Cumhuriyet Halk Partisi (CHP) Denizli Milletvekili Gülizar Biçer Karaca, sosyal medya üzerinden yaptığı açıklamada, Meclis'te görüşülmekte olan yeni bir torba yasa tasarısının doğal varlıkları, özellikle zeytinlikleri ve koruma alanlarını madencilik ve enerji projelerine açma potansiyeli taşıdığını vurguladı. Karaca, bu durumu AKP'nin 23 yıllık iktidarı boyunca gerçekleştirdiği en kapsamlı talan düzenlemesi olarak nitelendirdi.
Zeytinlikler Madenciliğe Mi Açılıyor?
Gülizar Biçer Karaca, AKP'nin daha önce de benzer girişimlerde bulunduğunu, ancak halkın ve kamuoyunun direnişi sayesinde bu girişimlerin engellendiğini hatırlattı. Ancak, mevcut durumda Saray rejiminin sermayenin istekleri doğrultusunda hareket ederek, en kapsamlı talan düzenlemesini yasalaştırma aşamasında olduğunu belirtti. Özellikle Limak-İC ortaklığının geçen yıl gönderdiği bir mektupla talep ettiği maddelerin, bu yasa teklifinin temelini oluşturduğu iddia edildi.
Karaca, bu sürecin Anadolu'nun toprağını, halkını ve emeğini, emperyalist bir işbirliği çerçevesinde yeniden şekillendirme girişimi olduğunu savundu. Ayrıca, bu durumun ülkeyi küresel sermayenin ucuz emek ve hammadde kaynağına dönüştürme planının bir parçası olduğunu da sözlerine ekledi.
Süreçte, şirketlerin talepleri doğrultusunda zeytinliklerden özel çevre koruma bölgelerine, milli parklardan kültürel sit alanlarına kadar tüm doğal ve tarihsel varlıkların, maden ve enerji projeleri için sermayeye sınırsızca açılacağı ifade edildi. Hatta, bugüne kadar hukuk tanımayan şirketlere bir de ödül verilerek, kaçak madenlerin affedileceği belirtildi.
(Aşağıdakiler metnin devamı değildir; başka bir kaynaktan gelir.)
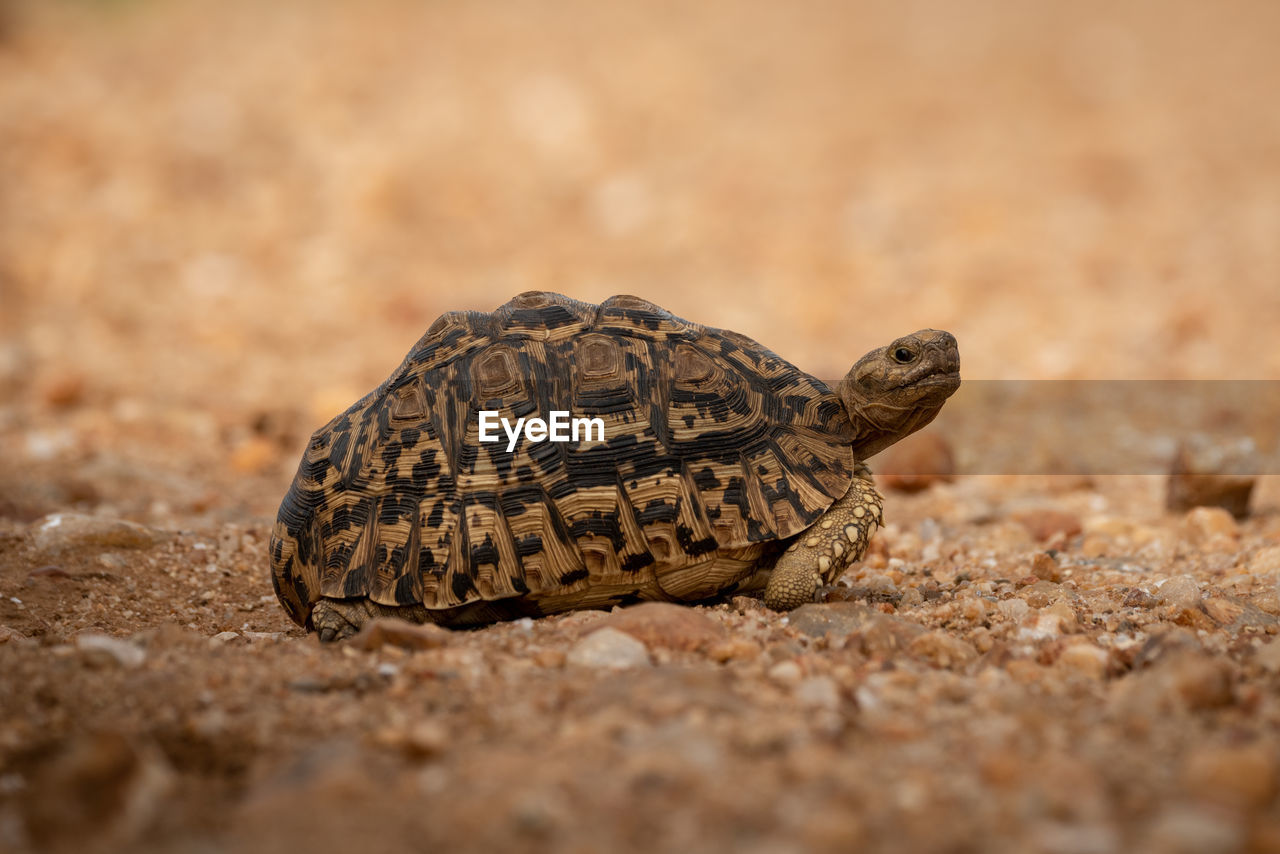 Close-up of tortoise on field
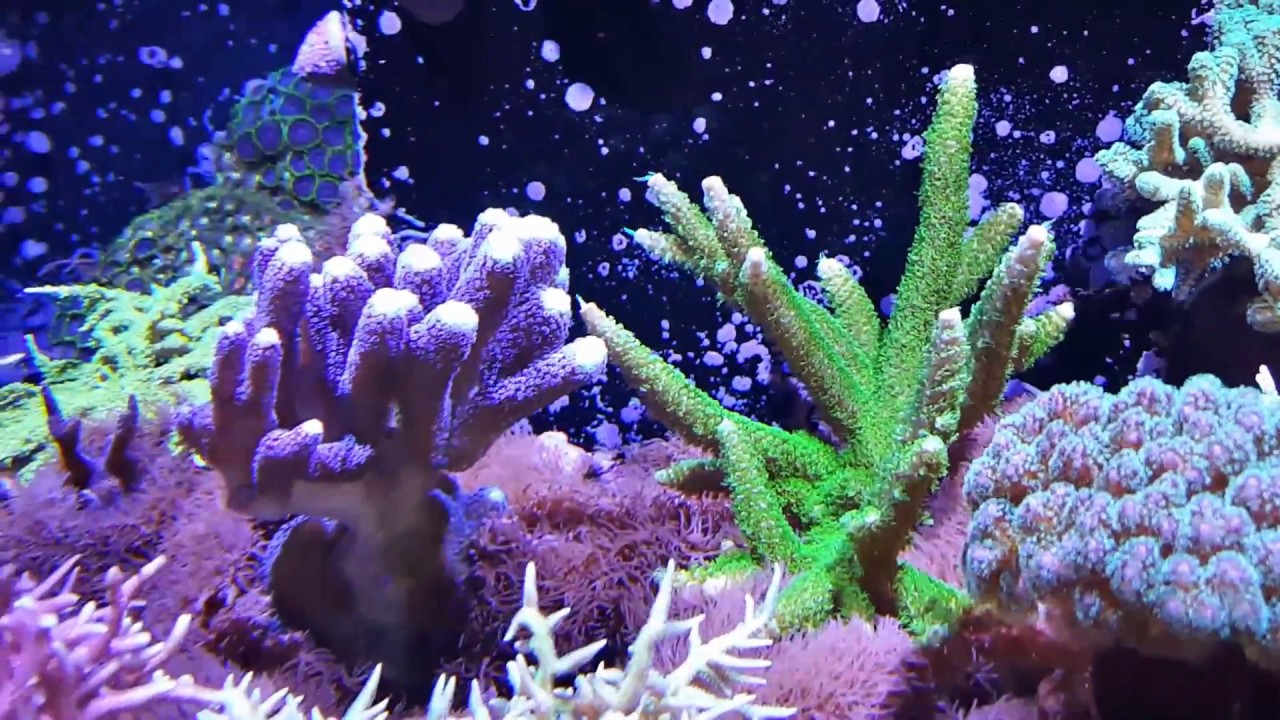 Red Sea REEFER 250. 17 months. NO WATER CHANGES!!!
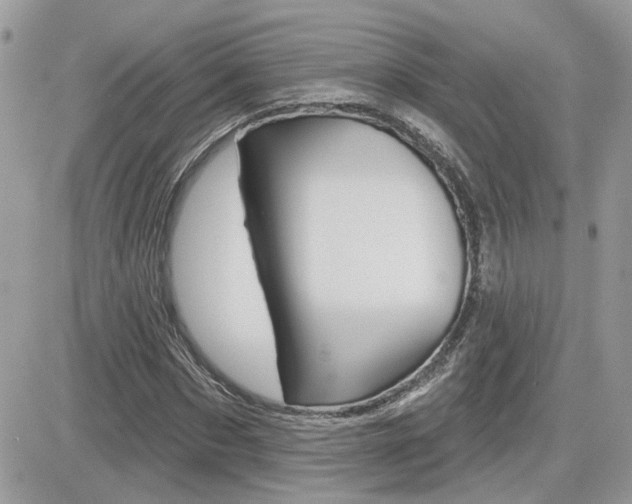 X0000082160873200701190953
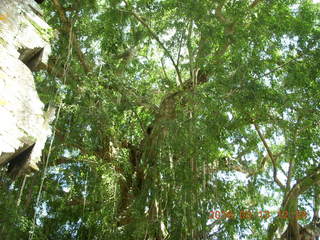 Indonesia - Bali - Temple at Bangli - giant banyon tree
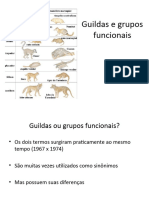 ECE - Aula 3 A - Guildas e Grupos Funcionais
"AKP Sermayenin Emir Eri Oldu"
Gülizar Biçer Karaca, AKP'nin artık yerli-yabancı her sermaye talebinin emir eri haline geldiğini ve zeytin ağacının, toprağın, suyun ve halkın yaşam hakkının karşısında, şirketlerin taleplerinin esas alındığını vurguladı. Bu durumun, ülkenin en büyük toprak gaspı ve mülksüzleştirme operasyonu olduğunu iddia etti.
Karaca, Meclis'te kabul edilen her maddenin hem doğaya hem de emeğe karşı işlenmiş bir suç olduğunu belirterek, ülkenin halkının ve doğasının sömürgeci madenciliğe ve vahşi kapitalizme teslim edilmesine karşı topyekün bir direnişin şart olduğunu ifade etti. Direnmenin sadece bir hak değil, aynı zamanda bir zorunluluk olduğunu da sözlerine ekledi.
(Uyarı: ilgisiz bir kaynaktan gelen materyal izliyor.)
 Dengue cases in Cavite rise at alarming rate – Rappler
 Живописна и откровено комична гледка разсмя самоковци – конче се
Bu gelişmeler, Türkiye'nin doğal ve kültürel mirasının korunması konusunda endişeleri artırırken, kamuoyunun ve sivil toplum örgütlerinin tepkilerini de beraberinde getirecek gibi görünüyor. Torba yasa tasarısının içeriği ve olası etkileri hakkında daha fazla bilgi edinmek için gelişmeler yakından takip edilmelidir.